Everything starts with registering a command with Elistrix.Dispatcher. You must pass a function pointer i.e. &Some.Module.function/2. You can optionally specify custom thresholds to change the following:

  • window length (the amount of time we'll keep a history of previous requests for the command)
  • latency threshold (the average latency, in milliseconds, of all the requests in the current window)
  • error threshold (percentage of requests that have failed of all the requests in the current window)

Once you register your command, you can call it via the dispatcher. You can pass a list of arguments to be applied to the function. Commands are executed in the caller process, to avoid complexity in Elistrix -- needing to maintain worker process pooling, needing to do weird calling convention tricks.

We track the latency of the call, and we track the return value. If your function returns something similar to :ok or :error or {:error, ....} then we can track the successes and failures, otherwise we can only track the latency of these calls.

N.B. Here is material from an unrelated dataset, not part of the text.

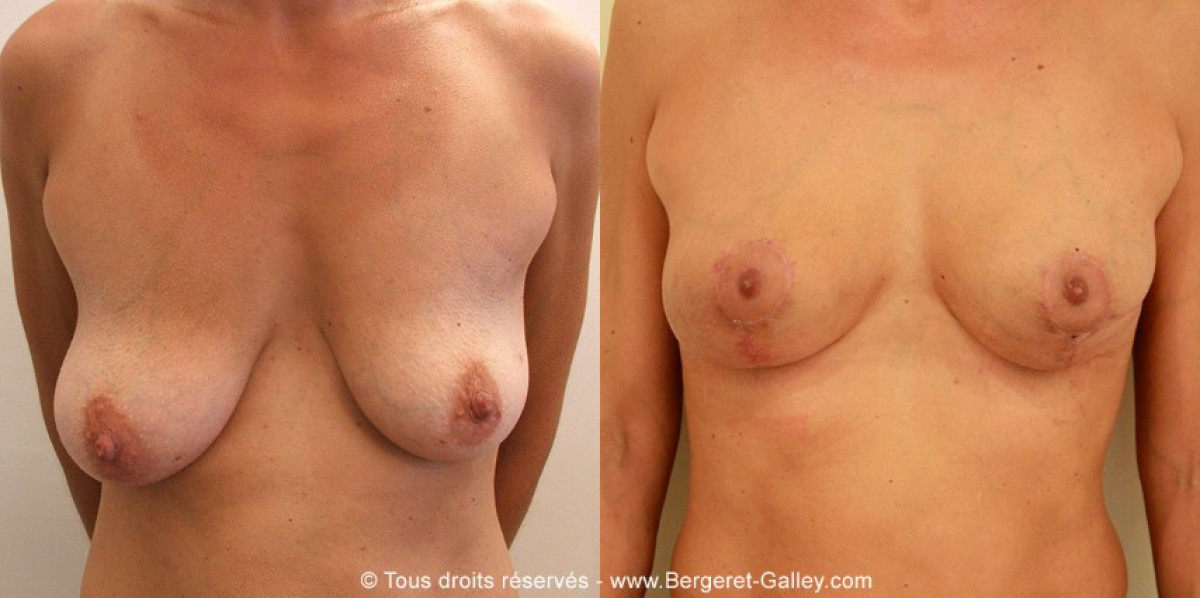 Before/After breast Reconstruction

When a command is tripped -- when either the latency or error percentage threshold is crossed -- calls to the command result in {:error, {:tripped, "reason here"}} to let the caller know the command is in a tripped state. Otherwise, the original return value of the function called is returned back.

The state of a command -- whether it's tripped or not -- is updated once every 500ms. Thus, failure conditions are realized quickly but scenarios that require faster realization aren't currently possible.